If she's feeling judged, she may feel the need to rebel and continue the behavior just to annoy you, as a child would. And the constant self and couple improvement discussions could also be contributing to that, it may feel to her like you think you're better than she is. I'm not saying you're doing these things on purpose, just that that could be how it comes across to her, and therefore leads to continuations of the same behaviors that are bothering you, which leads you to continue your thing, which leads to her...and so on and so on. It's a cycle.


----------



## DALMORE (Jul 21, 2010)

atruckersgirl...you are accurate with your comment below...I do tend to judge sometimes. Kinda of thing that if I choose not to do something why can't my wife do the same....but I know we are different people that tick in different ways. 

And she will rebel (not to a damaging point, but enough to wake me up and show me what she "could" do if pushed more and more .. kind of acting out the label I'm putting on her, including making her feel I don't trust her or don't accept her for what she does or who she is.

So, in your opinion when she is out of town on an "alone" day.
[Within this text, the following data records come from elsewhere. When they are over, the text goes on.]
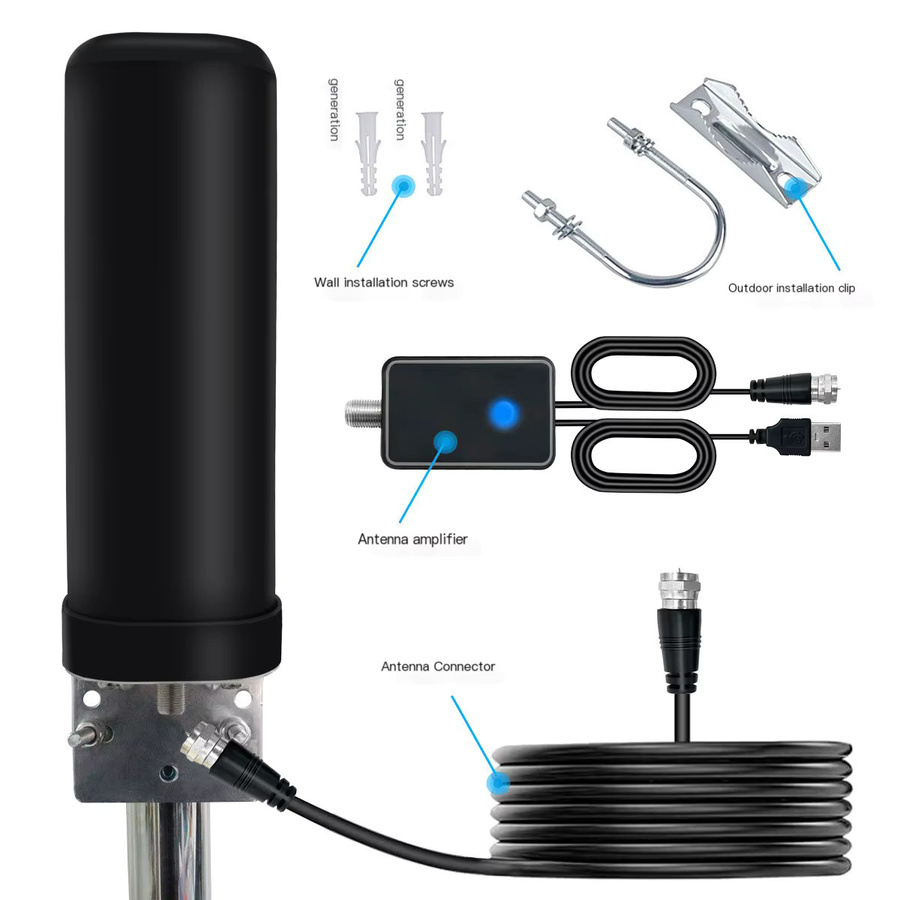 Fassförmige Digital-TV-Antenne für Innen- und Außenbereich in Schwarz, DTMB-Antenne für High-Definition Terrestrische Wellen - Bild 3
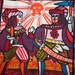Vibrant 1960s Kitschy ASTROLOGICAL SIGNS Bark Cloth CURTAIN Panel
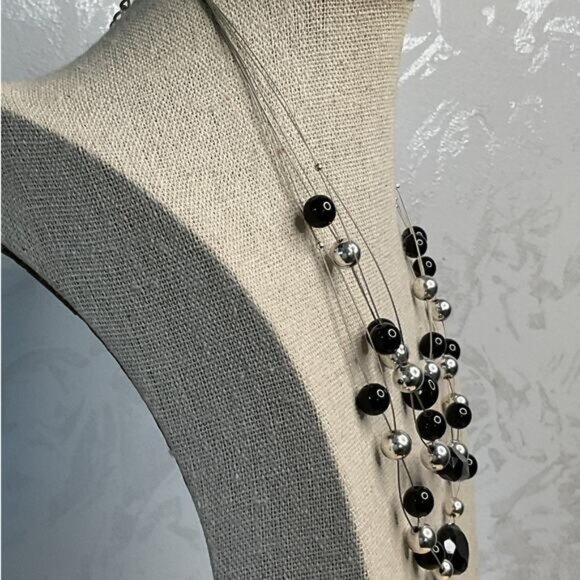 Black and Silver Beaded Invisible Floating Layered Bib Necklace - Picture 2 of 5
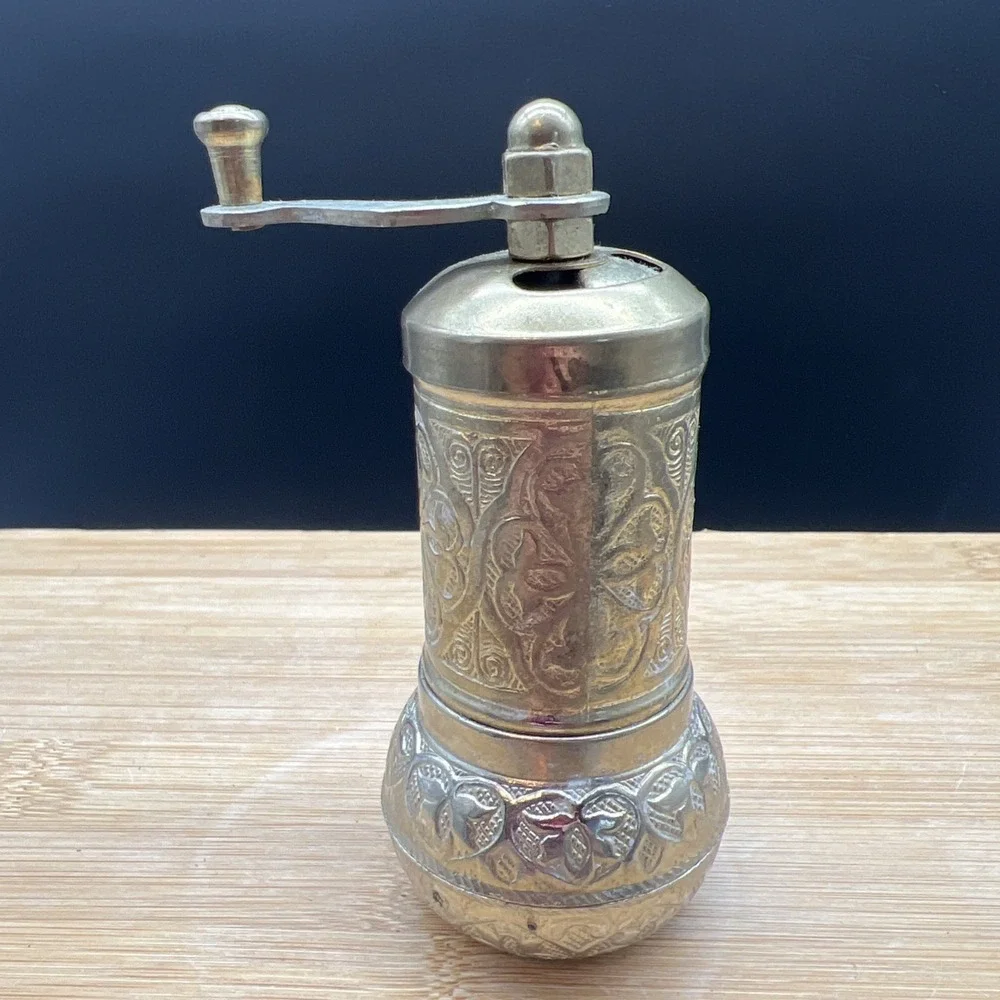 Handmade Turkish Brass Pepper Spice Grinder Mill 4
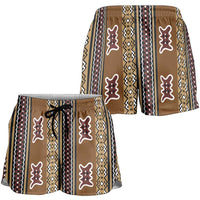 Mali Bologan Mud Cloth Pattern Shorts for Women - Wonder Print Shop
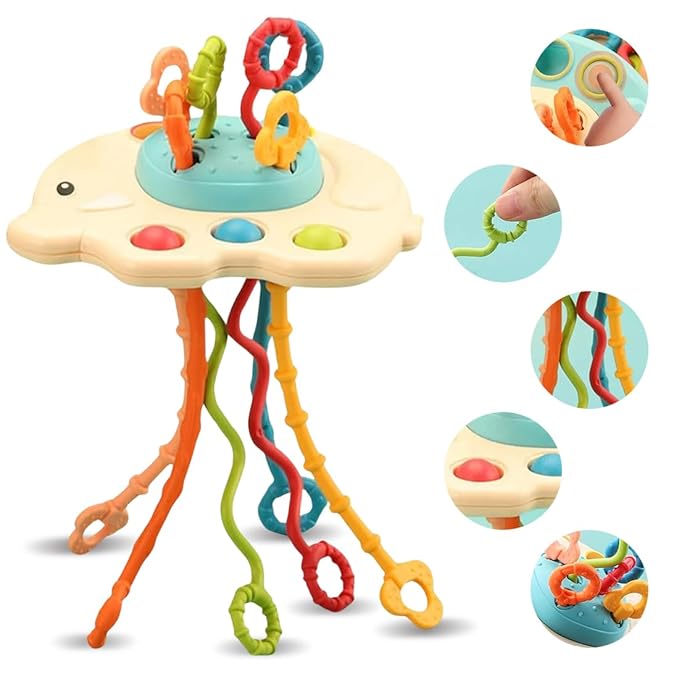 Wembley Montessori Sensory Pull String & Teether Toy for Babies 6-12 Months Multicolor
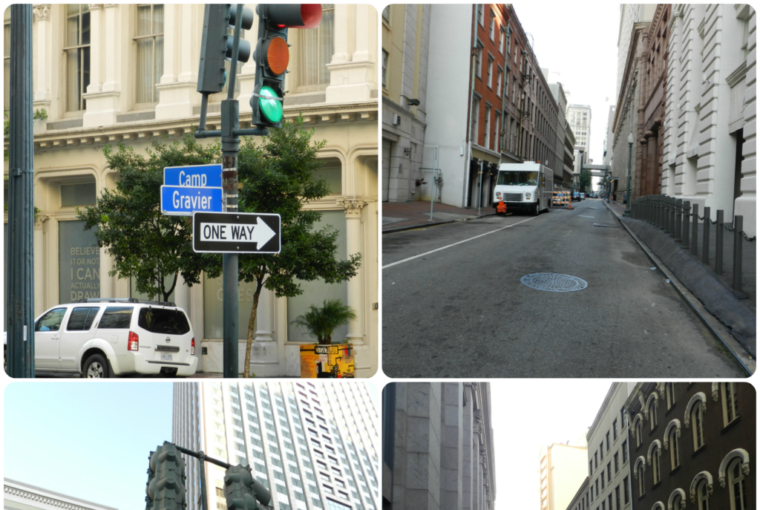 Area of Gravier St. between Camp and St. Charles St's where the Devereaux/Hennessey shootout occurred in 1881.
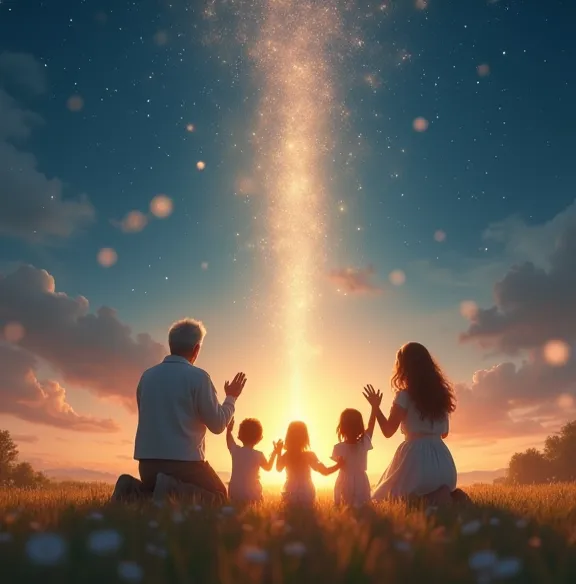 A united family praying to heaven on a starry night with sparkles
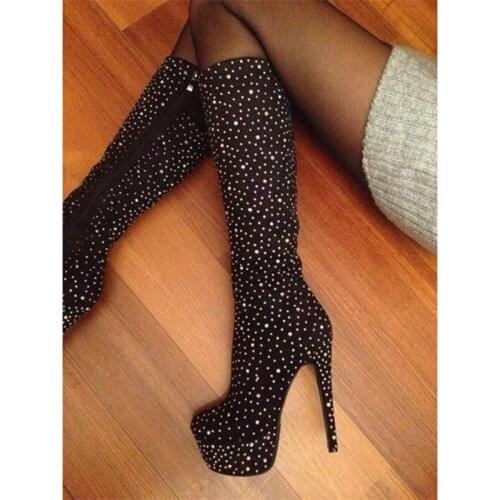 MKKHOU Fashion Knee-High Boots New Black High Boots Crystal Platform Stiletto 15cm High Heel Boots Winter Boots Large Size 35-47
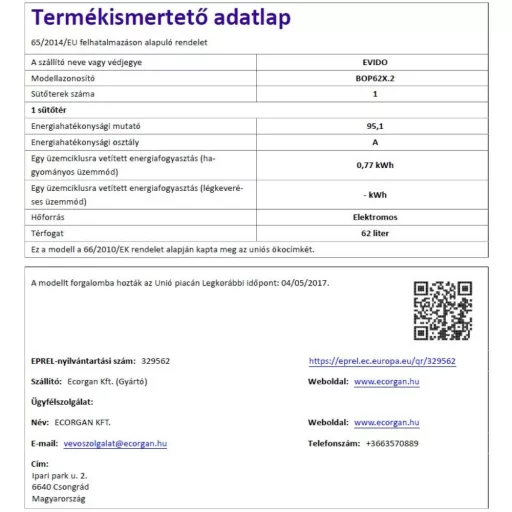 EVIDO PRIMO 62X statikus sütő,inox/fek - WaterMarkt.hu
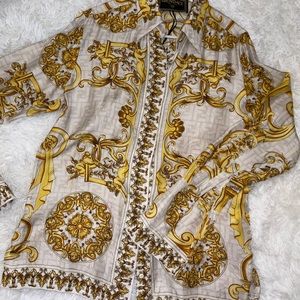 Fendace women’s button up silk shirt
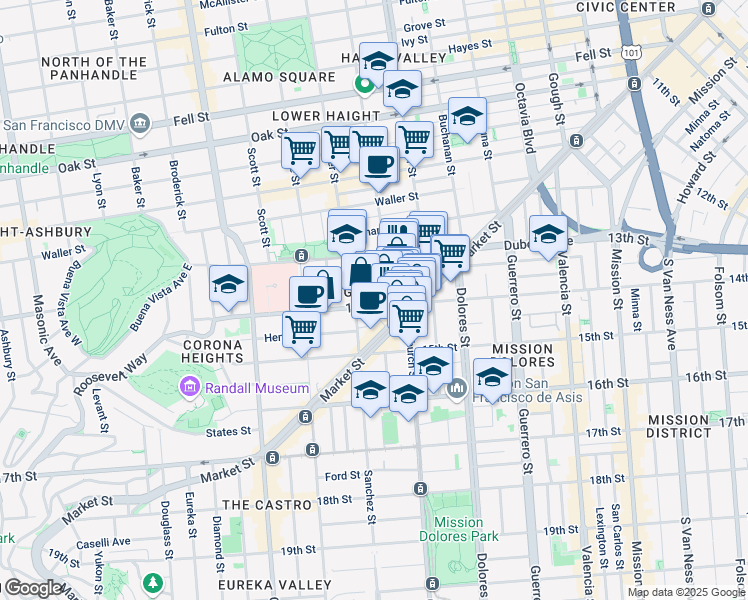 map of restaurants, bars, coffee shops, grocery stores, and more near 760 14th Street in San Francisco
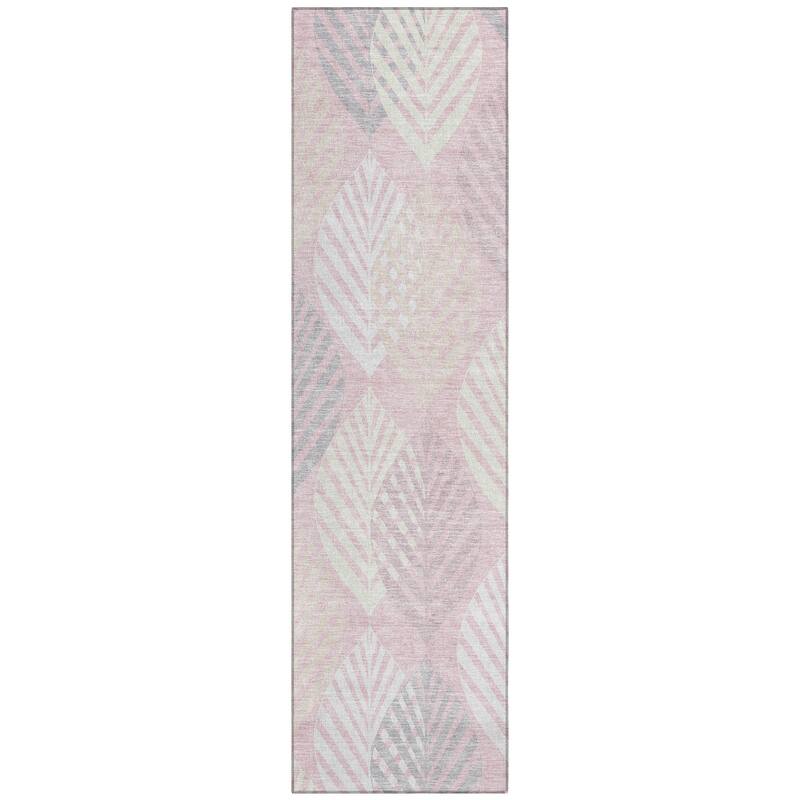 Machine Washable Indoor/ Outdoor Chantille Casual Palm Leaf Rug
Should I just leave her alone and not communicate with her? ( Unless of emergency) To fully give her the space she is needing?

<<<<I wonder if perhaps part of the problem is not the behavior itself, but that you seem to judge it. 

If she's feeling judged, she may feel the need to rebel and continue the behavior just to annoy you, as a child would. And the constant self and couple improvement discussions could also be contributing to that, it may feel to her like you think you're better than she is. I'm not saying you're doing these things on purpose, just that that could be how it comes across to her, and therefore leads to continuations of the same behaviors that are bothering you, which leads you to continue your thing, which leads to her...and so on and so on. It's a cycle. >>>>


----------



## brwneyedgrl (Jul 21, 2010)

>>>>What kind of stuff do wives desire to talk with their husband about (serious, casual, intellectual, emotional...examples of all would be helpful)?<<<< Personally, I think this depends on the person. I'm not too much of a "lets talk about our feelings" girl either, but EVERYONE is different. What interests HER? Talk about those things. If you don't know much about those things, LEARN about them, or ask her a few questions about it. She'll probably perk up at the thought of you wanting to know more about what interests her. My husband is constantly blabbing about football, trucks, ESPN, Xbox...and it is BORING to me. If he were to ask me about photography, or horses, or something that I am interested in, I'd love to blab about that to him for a while...ESPECIALLY if he acted genuinely interested and asked questions. 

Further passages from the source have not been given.